A la fin d’année, nous aurons un biokérosène autour de 3 à 4 dollars le litre en coût de production. Cela reste encore trop cher en comparaison du carburant « classique », qu’il faut d’ailleurs diviser par deux compte tenu des taxes. Il y a toutefois un certain nombre de compagnies aériennes qui s’intéressent à ce produit. Air France fait voler une fois par semaine un vol Paris-Toulouse avec notre biokérosène. Pour être compétitif, il faut viser un litre en dessous de 1 dollar. Nous sommes en train de construire une feuille de route industrielle qui vise à réduire le coût de production à 1 dollar le litre d’ici à 2020. C’est accessible industriellement d’ici à la fin de la décennie. C’est-à-dire dans pas très longtemps. C’est notre ambition.
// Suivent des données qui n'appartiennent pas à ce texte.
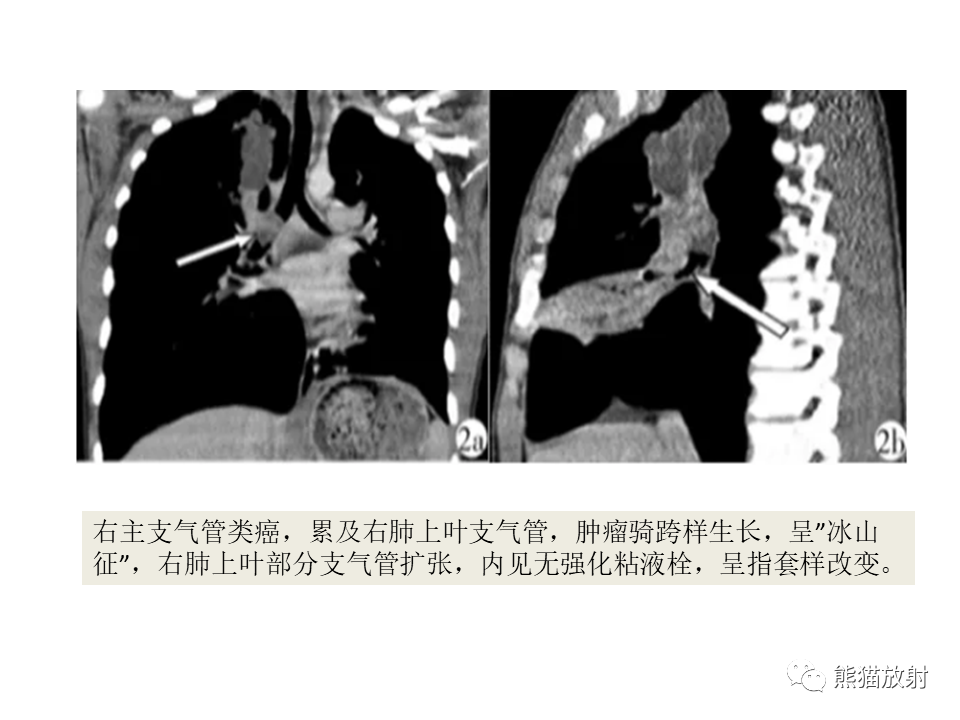 影像PPT - 【病例】肺肌上皮癌 VS 鳞状细胞癌CT影像-36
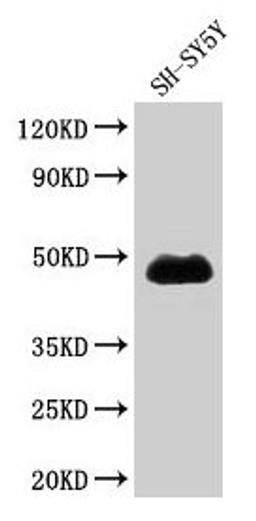 Western Blot. Positive WB detected in: SH-SY5Y whole cell lysate. All lanes: NADK antibody at 1.7µg/ml. Secondary. Goat polyclonal to rabbit IgG at 1/50000 dilution. Predicted band size: 50, 64, 47 kDa. Observed band size: 47 kDa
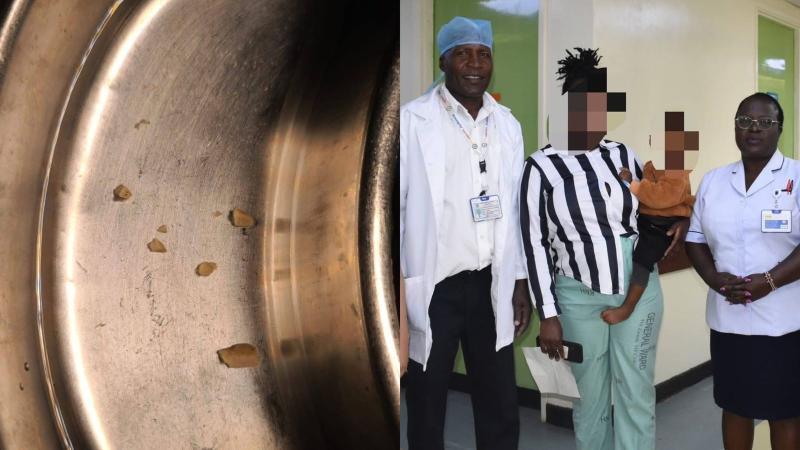 File image of groundnuts extracted from the patient's lungs and KNH medical personnel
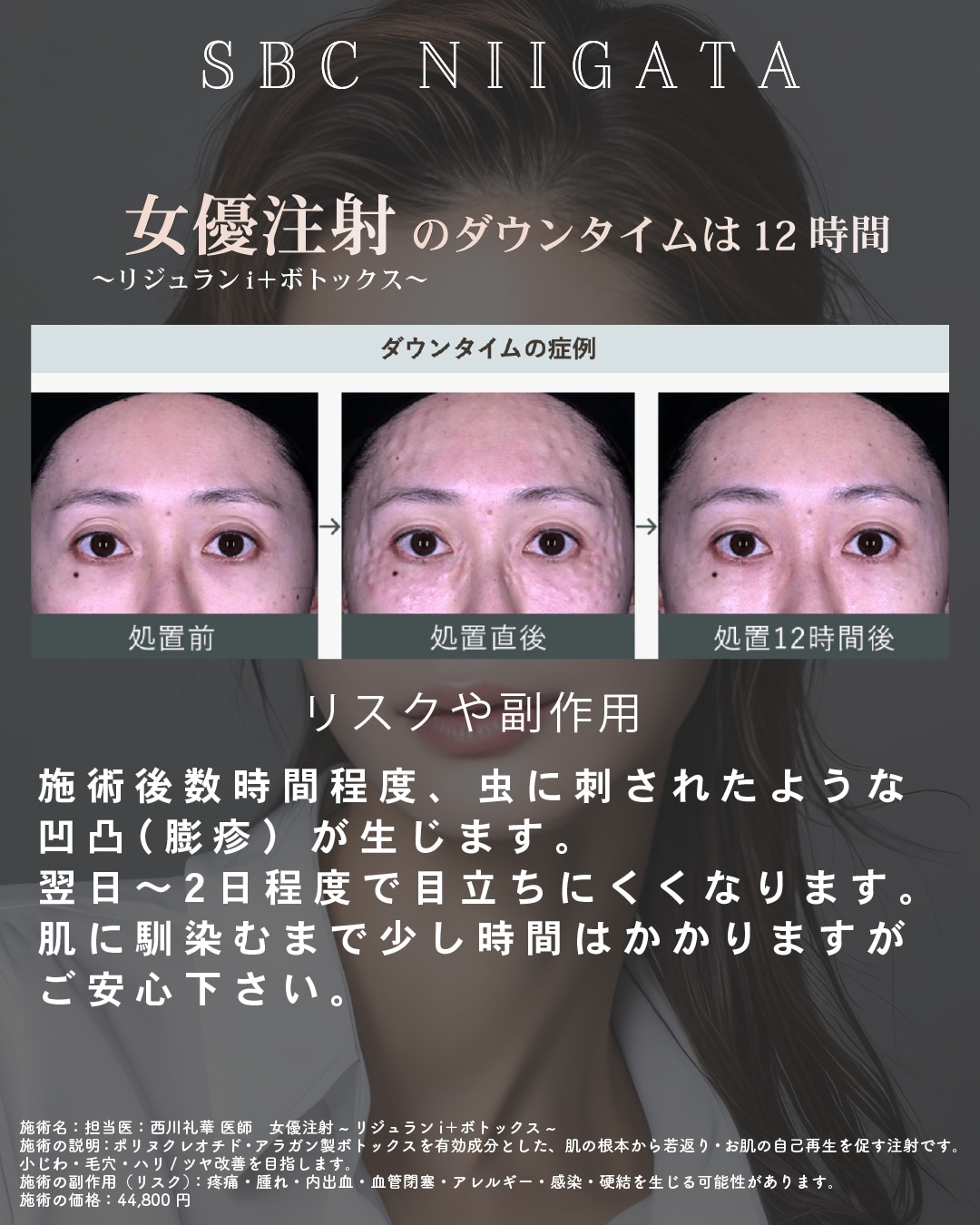女優 毛穴 圧倒的透明感！女優注射で、しわも毛穴も除去！つやつや陶器肌を目指す人必見！肌質改善しませんか？ - 新潟院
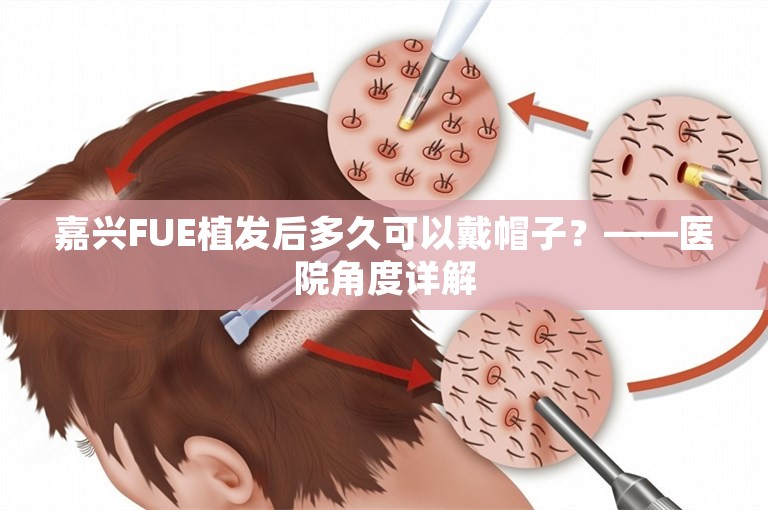 嘉兴FUE植发后多久可以戴帽子？——医院角度详解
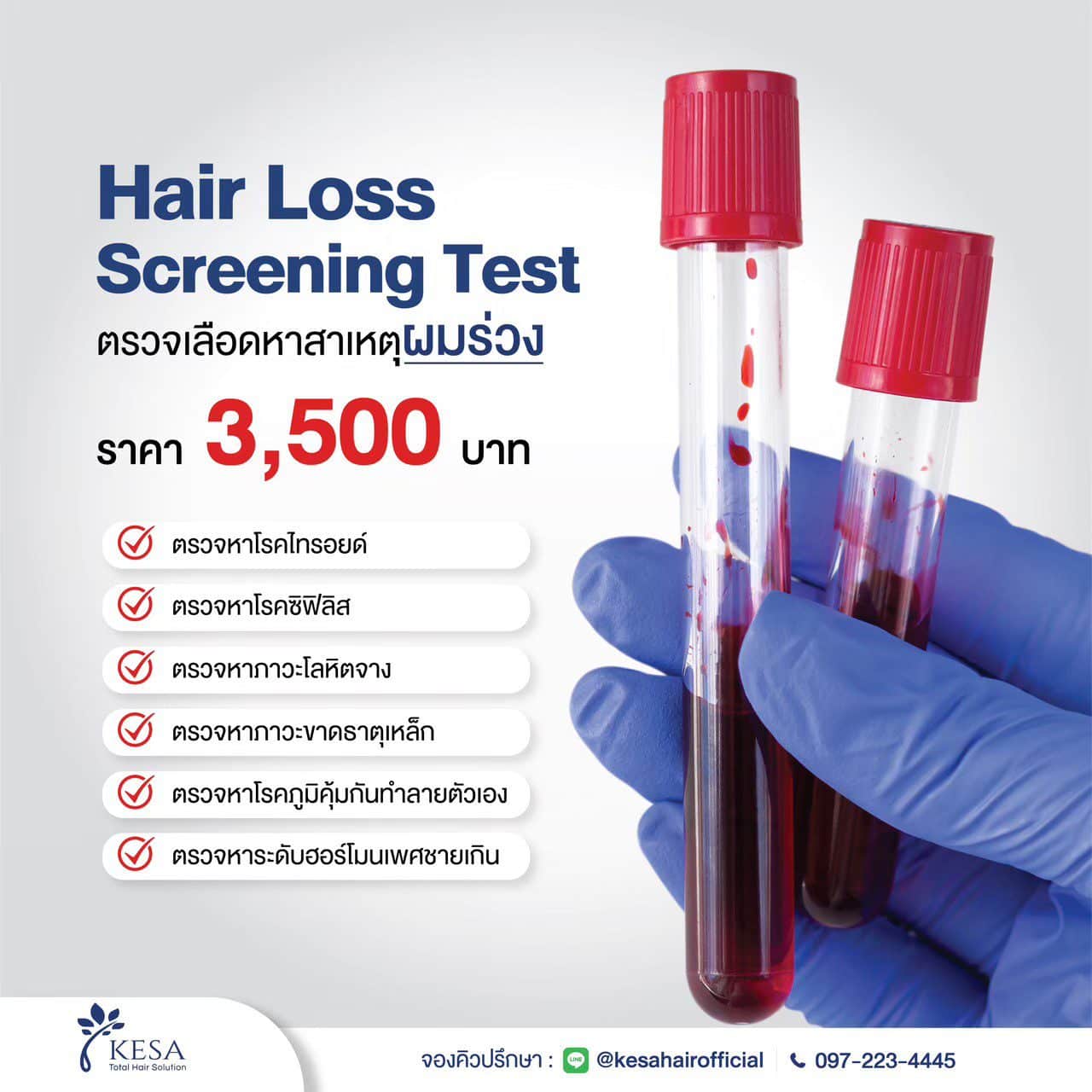 ตรวจเลือดหาสาเหตุผมร่วง เกศา คลินิก - kesa hair clinic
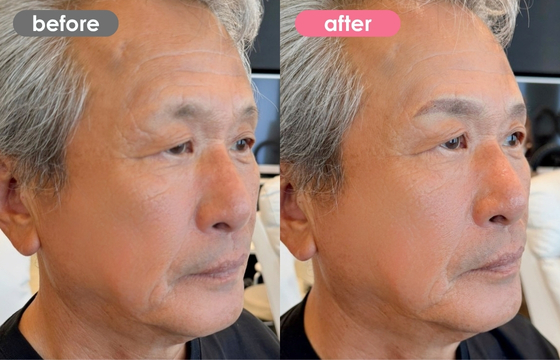 眉アートメイク(メンズ)12 03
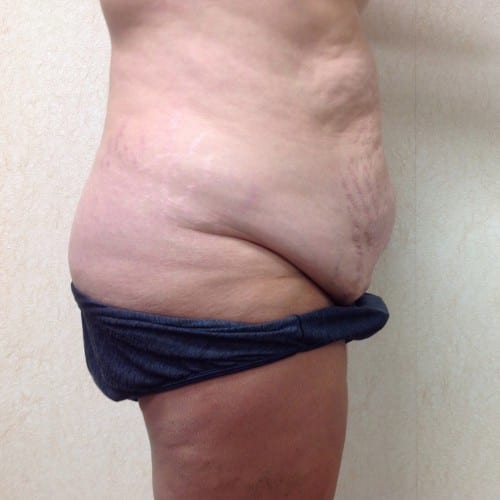 Abdominoplasty-01 | Before Abdominoplasty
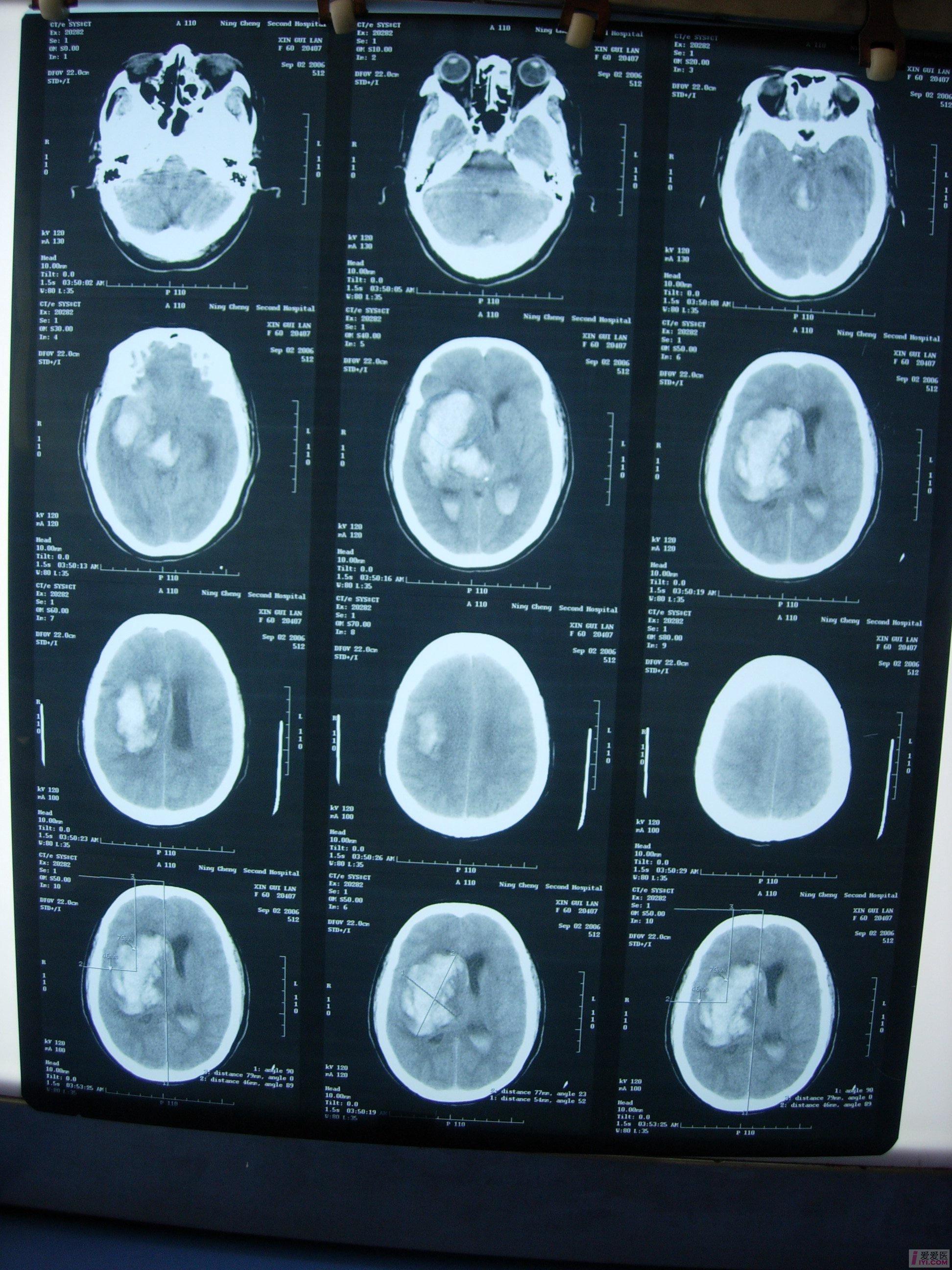 【討論】大量腦出血 歡迎大家來討論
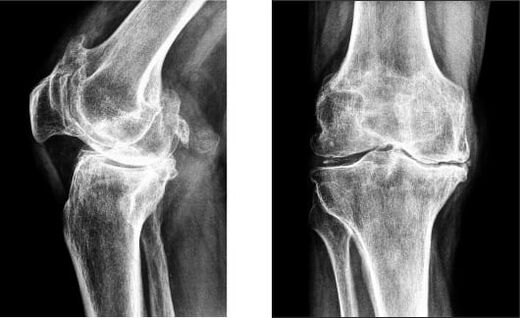 Gonarthrosis na glúine ar x-gha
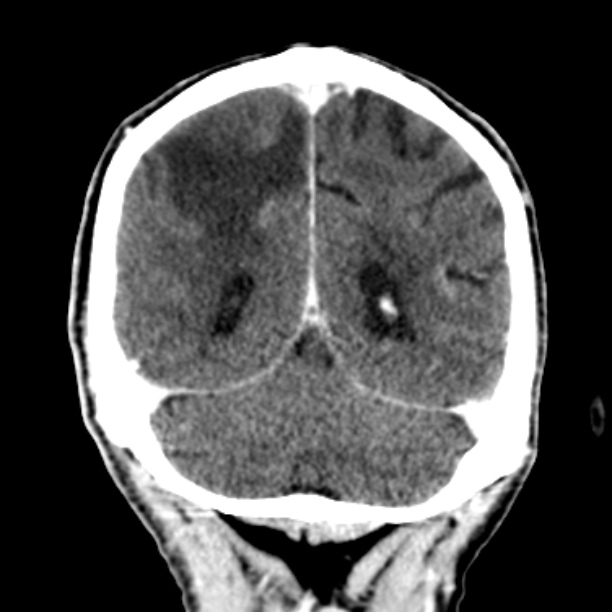 Brain metastases from lung cancer (Radiopaedia 27849-28092 Coronal C+ delayed 50).jpg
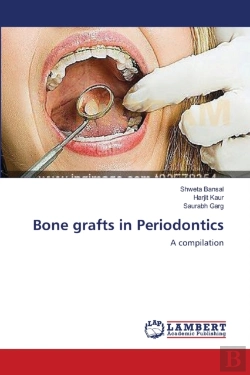 Bertrand.pt - Bone Grafts In Periodontics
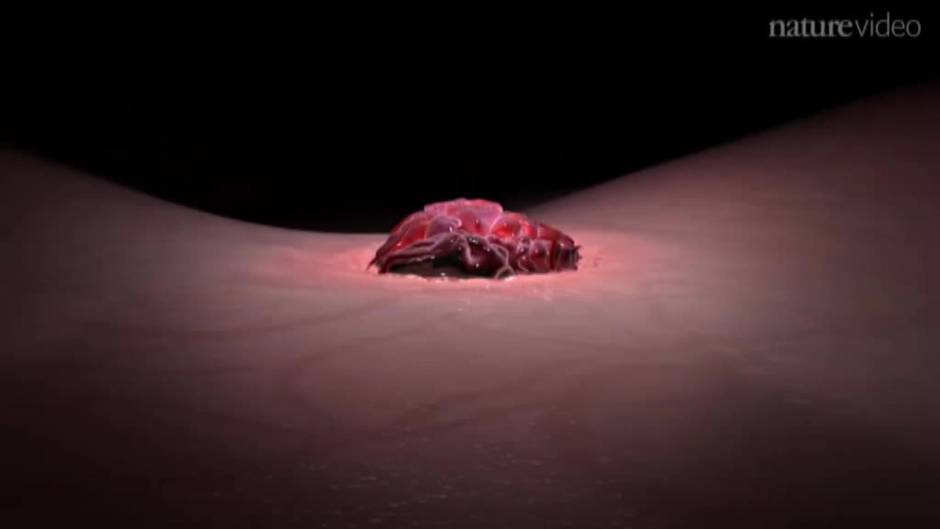 Enfermos de cáncer piden ayudas para investigación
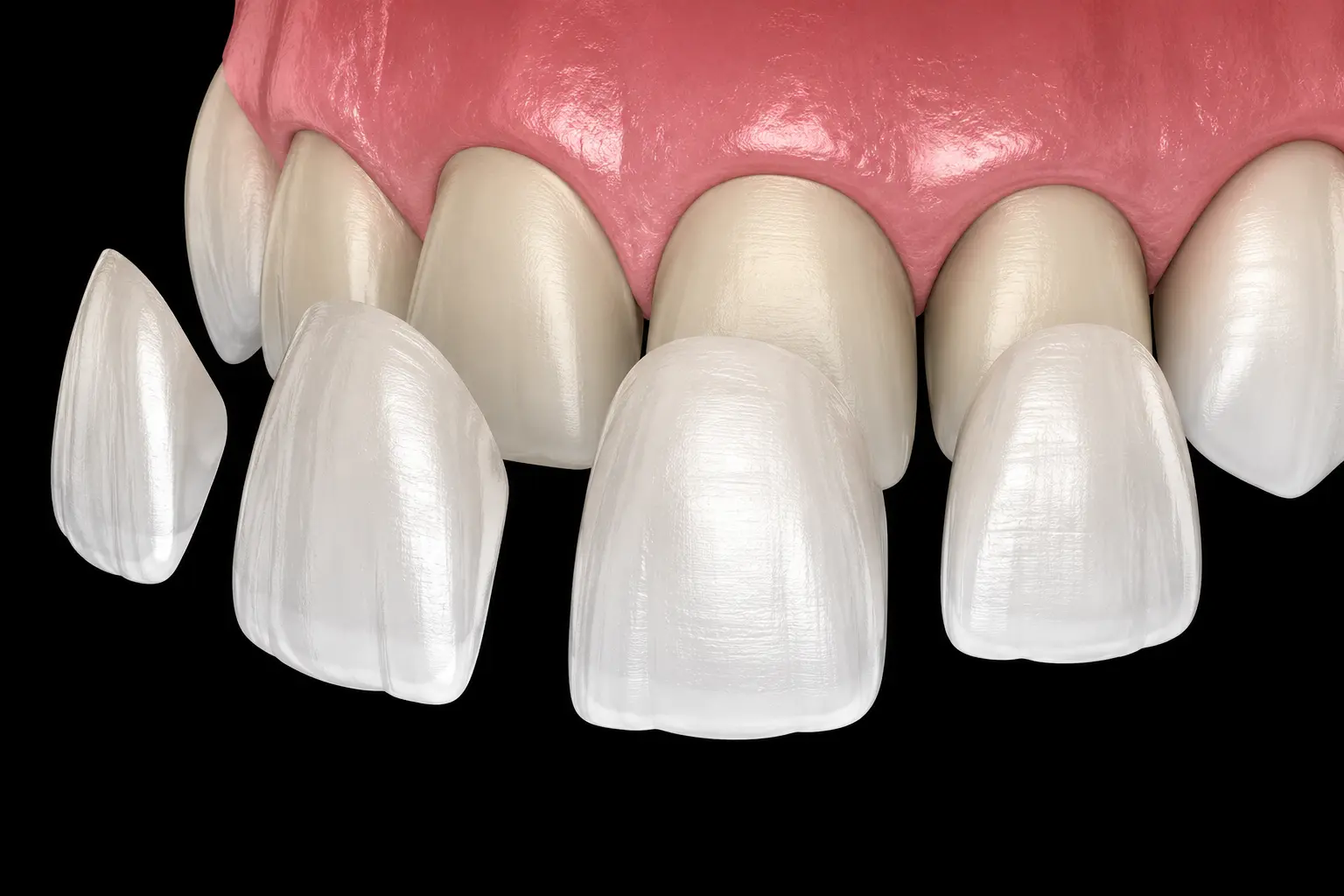 Individual thin porcelain veneer shells positioned in front of natural teeth before placement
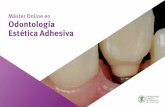Máster Online en Odontología Estética Adhesiva · Actualización en reducción dentaria para incrustaciones (inlay/onlay/overlay). 11.2.2. Criterios para la elección del material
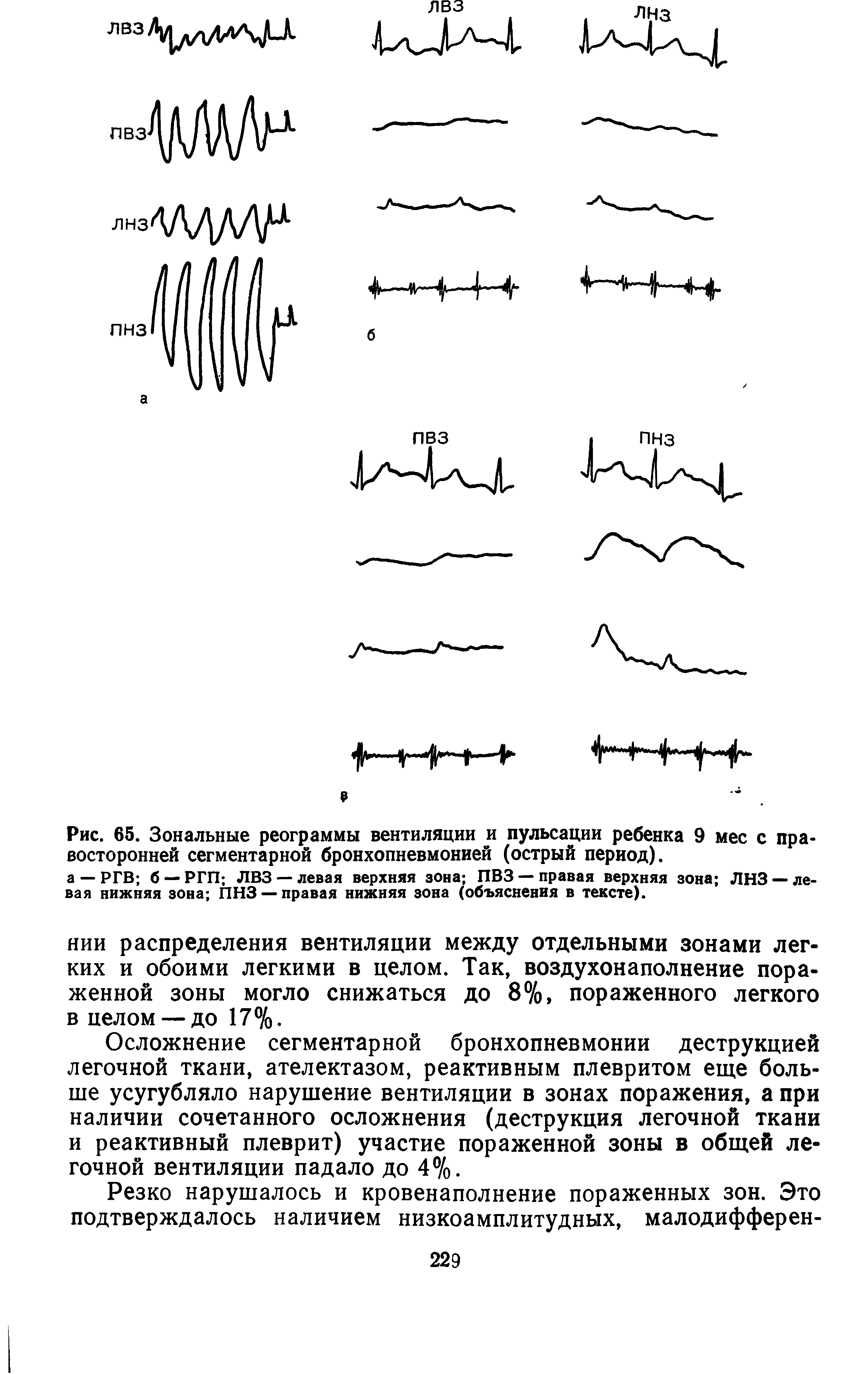 Рис. 65. Зональные реограммы вентиляции и пульсации ребенка 9 мес с правосторонней сегментарной бронхопневмонией (острый период).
Et Amyris sera-t-elle rentable?
Nous sommes au début de l’histoire. Amyris se développe déjà commercialement dans des domaines comme les cosmétiques et les parfums, des activités compétitives qui lui rapportent de l’argent. Amyris est à un stade de son développement où l’activité commerciale sur les produits à très haute valeur ajoutée se développe et vient compenser les besoins de financement en R&D de la société. Nous comptons toutefois être à l’équilibre l’année prochaine en termes de cash.